→ Work instructions
From the material beneath, pull every line with the word "Pattern".

^^^^^^^^

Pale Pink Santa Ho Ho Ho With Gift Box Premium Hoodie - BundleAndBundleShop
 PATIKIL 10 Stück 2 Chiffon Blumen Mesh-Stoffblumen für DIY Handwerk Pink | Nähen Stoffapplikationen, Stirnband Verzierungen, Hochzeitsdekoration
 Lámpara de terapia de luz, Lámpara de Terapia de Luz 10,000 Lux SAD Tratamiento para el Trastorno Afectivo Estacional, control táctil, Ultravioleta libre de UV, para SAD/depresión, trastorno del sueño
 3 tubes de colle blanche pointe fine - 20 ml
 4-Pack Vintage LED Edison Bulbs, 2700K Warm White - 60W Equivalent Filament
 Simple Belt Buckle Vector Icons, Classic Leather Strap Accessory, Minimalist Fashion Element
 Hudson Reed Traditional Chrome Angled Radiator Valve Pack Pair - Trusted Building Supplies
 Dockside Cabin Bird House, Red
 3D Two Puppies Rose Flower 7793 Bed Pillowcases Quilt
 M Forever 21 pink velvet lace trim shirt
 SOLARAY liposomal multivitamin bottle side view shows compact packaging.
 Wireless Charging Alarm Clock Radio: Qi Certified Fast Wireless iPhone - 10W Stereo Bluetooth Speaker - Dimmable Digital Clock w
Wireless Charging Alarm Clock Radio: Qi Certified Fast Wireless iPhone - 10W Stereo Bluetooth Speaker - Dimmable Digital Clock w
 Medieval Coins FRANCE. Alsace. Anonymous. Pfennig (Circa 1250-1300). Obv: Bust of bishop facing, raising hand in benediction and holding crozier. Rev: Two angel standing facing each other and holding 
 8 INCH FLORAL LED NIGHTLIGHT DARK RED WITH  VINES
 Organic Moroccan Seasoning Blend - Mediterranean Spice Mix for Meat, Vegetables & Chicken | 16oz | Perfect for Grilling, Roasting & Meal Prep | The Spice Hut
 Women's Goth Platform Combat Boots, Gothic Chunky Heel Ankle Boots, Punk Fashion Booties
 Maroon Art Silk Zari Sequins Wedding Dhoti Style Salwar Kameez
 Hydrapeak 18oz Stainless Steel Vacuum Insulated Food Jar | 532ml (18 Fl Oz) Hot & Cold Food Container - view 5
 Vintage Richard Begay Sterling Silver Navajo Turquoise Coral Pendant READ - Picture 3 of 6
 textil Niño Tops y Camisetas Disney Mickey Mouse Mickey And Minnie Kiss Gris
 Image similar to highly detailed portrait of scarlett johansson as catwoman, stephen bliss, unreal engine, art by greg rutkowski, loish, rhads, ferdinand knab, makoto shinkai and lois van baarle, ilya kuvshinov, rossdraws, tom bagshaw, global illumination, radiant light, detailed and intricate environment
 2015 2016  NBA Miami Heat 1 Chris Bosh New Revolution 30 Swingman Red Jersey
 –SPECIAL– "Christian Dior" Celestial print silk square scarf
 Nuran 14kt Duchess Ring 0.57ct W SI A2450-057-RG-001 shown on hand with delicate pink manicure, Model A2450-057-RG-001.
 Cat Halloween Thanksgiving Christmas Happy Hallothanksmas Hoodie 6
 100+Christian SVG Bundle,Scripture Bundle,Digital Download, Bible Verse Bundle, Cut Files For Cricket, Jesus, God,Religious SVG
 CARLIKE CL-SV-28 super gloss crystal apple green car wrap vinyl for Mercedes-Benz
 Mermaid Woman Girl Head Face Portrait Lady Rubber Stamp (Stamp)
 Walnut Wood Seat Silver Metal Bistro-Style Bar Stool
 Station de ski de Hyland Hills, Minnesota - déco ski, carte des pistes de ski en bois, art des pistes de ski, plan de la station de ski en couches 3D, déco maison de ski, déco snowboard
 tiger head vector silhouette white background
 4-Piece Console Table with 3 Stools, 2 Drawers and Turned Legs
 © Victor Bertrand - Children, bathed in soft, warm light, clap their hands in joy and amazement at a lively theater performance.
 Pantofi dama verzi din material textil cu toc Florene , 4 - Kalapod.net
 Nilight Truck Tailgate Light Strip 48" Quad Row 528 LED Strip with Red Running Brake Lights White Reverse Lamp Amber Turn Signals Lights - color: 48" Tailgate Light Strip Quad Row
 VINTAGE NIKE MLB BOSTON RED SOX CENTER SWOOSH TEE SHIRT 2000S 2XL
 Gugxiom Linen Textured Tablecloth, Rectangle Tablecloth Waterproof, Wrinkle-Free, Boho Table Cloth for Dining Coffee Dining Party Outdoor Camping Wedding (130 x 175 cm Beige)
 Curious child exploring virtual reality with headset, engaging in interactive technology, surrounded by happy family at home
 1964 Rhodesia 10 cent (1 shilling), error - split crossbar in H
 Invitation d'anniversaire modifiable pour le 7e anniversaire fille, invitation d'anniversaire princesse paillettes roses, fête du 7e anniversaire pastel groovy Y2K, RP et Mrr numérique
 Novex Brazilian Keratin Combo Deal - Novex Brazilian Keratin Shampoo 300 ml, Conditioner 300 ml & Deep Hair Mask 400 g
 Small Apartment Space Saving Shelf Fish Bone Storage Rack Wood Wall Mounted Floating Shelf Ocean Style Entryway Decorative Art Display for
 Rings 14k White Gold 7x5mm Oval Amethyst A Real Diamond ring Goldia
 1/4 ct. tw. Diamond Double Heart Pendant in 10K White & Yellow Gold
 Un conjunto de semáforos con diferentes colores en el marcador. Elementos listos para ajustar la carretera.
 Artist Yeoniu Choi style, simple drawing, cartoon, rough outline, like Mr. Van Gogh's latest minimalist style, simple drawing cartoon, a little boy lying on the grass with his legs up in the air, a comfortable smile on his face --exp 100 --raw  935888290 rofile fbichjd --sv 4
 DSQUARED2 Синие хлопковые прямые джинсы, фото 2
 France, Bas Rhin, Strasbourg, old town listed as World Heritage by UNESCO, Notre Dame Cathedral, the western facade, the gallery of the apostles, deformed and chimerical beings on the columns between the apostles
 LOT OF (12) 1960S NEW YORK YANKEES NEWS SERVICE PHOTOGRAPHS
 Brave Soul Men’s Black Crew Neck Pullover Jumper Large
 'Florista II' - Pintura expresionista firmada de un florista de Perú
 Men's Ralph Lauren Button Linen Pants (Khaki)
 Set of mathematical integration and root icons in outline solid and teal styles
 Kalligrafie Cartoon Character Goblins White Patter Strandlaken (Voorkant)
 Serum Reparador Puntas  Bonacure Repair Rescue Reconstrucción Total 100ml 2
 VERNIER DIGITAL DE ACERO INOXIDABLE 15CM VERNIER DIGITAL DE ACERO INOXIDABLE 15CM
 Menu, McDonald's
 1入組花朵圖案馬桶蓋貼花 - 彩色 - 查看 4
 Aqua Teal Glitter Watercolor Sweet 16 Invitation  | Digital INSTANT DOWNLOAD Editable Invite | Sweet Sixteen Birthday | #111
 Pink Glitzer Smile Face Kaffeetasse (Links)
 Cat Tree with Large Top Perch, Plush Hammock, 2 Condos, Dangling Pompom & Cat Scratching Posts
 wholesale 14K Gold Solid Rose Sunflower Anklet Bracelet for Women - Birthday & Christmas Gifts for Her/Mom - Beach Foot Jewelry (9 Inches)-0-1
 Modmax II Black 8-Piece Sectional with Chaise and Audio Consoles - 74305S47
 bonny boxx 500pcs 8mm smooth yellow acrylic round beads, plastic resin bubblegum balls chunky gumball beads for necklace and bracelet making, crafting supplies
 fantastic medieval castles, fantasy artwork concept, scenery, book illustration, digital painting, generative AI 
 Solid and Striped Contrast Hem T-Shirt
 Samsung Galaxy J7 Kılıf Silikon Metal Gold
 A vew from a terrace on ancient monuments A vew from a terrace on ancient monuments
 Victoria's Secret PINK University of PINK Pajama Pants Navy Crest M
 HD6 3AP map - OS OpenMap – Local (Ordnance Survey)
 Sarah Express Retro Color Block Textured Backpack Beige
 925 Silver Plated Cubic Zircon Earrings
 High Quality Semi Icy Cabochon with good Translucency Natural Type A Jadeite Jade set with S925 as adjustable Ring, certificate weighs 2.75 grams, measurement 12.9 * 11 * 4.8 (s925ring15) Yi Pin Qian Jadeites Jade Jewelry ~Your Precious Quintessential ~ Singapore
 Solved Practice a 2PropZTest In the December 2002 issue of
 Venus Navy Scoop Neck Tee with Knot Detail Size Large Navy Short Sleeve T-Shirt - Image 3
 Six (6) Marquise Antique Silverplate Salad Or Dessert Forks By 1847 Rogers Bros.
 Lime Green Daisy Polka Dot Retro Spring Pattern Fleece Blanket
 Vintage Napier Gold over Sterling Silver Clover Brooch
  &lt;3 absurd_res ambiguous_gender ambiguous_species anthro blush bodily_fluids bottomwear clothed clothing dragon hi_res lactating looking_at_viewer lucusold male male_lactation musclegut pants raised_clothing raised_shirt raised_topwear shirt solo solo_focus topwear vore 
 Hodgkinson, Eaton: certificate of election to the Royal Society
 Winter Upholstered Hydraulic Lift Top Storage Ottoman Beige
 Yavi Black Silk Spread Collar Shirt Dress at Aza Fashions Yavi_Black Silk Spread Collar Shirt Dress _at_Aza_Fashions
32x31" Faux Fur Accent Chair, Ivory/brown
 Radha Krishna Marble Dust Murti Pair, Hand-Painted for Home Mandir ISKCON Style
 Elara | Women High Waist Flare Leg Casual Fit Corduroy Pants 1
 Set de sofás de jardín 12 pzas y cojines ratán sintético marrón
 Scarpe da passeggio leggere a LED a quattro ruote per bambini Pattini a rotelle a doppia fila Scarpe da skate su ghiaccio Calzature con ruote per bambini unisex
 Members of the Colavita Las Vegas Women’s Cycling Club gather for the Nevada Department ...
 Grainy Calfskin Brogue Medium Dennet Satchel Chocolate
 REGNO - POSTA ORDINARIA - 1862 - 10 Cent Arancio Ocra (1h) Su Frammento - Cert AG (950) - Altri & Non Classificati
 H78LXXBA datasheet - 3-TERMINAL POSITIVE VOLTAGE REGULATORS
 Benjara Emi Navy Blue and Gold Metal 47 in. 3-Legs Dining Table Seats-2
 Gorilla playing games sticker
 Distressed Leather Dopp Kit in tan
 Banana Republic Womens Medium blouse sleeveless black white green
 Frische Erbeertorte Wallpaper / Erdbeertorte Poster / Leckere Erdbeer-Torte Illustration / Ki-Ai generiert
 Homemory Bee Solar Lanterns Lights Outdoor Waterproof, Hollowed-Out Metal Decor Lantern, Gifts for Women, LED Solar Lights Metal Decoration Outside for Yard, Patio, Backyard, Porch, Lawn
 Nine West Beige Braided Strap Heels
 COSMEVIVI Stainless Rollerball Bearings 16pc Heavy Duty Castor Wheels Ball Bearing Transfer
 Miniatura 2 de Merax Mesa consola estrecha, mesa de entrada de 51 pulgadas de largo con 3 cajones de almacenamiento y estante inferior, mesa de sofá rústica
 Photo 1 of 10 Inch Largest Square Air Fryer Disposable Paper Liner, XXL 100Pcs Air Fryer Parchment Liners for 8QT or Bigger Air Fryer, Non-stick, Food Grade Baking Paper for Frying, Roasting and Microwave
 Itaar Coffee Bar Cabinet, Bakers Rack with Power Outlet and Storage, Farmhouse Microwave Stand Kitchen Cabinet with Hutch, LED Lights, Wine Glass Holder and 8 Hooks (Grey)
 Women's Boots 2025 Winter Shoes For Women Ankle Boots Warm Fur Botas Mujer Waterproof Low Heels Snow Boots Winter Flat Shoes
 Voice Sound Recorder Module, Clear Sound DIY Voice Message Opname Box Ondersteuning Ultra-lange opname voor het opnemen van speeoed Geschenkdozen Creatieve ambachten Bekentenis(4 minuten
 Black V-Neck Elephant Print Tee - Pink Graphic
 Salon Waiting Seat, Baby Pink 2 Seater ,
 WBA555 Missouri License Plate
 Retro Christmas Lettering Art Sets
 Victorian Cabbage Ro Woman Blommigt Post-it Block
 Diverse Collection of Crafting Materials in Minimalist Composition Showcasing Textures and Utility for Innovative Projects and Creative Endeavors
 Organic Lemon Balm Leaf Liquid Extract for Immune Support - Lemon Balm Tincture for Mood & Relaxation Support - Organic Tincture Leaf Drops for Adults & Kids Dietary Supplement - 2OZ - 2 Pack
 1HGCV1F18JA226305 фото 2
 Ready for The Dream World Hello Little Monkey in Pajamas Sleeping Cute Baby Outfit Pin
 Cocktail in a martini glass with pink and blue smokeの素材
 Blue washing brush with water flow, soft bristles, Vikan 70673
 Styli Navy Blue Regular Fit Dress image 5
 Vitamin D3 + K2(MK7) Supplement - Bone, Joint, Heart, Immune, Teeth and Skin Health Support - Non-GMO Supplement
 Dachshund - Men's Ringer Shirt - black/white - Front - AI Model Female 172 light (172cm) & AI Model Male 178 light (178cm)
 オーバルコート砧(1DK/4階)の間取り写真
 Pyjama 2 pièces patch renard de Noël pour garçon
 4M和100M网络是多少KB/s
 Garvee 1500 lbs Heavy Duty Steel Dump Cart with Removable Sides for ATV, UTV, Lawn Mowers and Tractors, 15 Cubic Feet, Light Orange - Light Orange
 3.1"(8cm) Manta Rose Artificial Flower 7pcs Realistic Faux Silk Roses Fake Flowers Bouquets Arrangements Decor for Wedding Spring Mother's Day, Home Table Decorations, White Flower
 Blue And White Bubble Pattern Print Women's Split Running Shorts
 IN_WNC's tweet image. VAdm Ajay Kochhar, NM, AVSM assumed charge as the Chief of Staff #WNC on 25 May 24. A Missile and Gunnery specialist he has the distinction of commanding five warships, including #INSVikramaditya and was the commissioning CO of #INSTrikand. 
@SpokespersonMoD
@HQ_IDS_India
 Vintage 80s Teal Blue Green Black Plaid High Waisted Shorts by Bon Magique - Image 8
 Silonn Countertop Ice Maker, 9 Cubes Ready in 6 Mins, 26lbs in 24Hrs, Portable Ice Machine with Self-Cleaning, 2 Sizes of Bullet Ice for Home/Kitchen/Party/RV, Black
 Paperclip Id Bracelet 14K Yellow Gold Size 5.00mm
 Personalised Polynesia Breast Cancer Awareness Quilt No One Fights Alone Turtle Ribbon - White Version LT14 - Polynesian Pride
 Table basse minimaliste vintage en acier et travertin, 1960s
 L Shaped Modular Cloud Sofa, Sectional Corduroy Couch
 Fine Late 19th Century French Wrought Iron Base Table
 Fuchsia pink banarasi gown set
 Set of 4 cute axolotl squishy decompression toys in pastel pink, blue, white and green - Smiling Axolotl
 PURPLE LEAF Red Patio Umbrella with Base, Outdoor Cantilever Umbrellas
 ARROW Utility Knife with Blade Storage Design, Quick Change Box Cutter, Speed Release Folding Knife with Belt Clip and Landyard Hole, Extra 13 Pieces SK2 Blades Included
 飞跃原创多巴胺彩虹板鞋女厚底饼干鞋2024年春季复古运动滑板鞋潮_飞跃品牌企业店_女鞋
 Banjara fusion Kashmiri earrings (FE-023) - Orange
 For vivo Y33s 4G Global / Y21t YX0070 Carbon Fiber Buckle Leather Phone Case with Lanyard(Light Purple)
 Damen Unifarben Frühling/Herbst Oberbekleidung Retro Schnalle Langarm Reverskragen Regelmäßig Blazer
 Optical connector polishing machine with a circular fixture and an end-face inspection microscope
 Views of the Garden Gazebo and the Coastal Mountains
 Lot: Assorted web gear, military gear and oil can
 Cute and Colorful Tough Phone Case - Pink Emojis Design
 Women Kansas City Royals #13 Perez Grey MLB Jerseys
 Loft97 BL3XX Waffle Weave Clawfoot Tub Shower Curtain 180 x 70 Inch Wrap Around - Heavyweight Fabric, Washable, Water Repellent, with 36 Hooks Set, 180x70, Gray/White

^^^^^^^^

→ Answer section
 Lime Green Daisy Polka Dot Retro Spring Pattern Fleece Blanket
 Blue And White Bubble Pattern Print Women's Split Running Shorts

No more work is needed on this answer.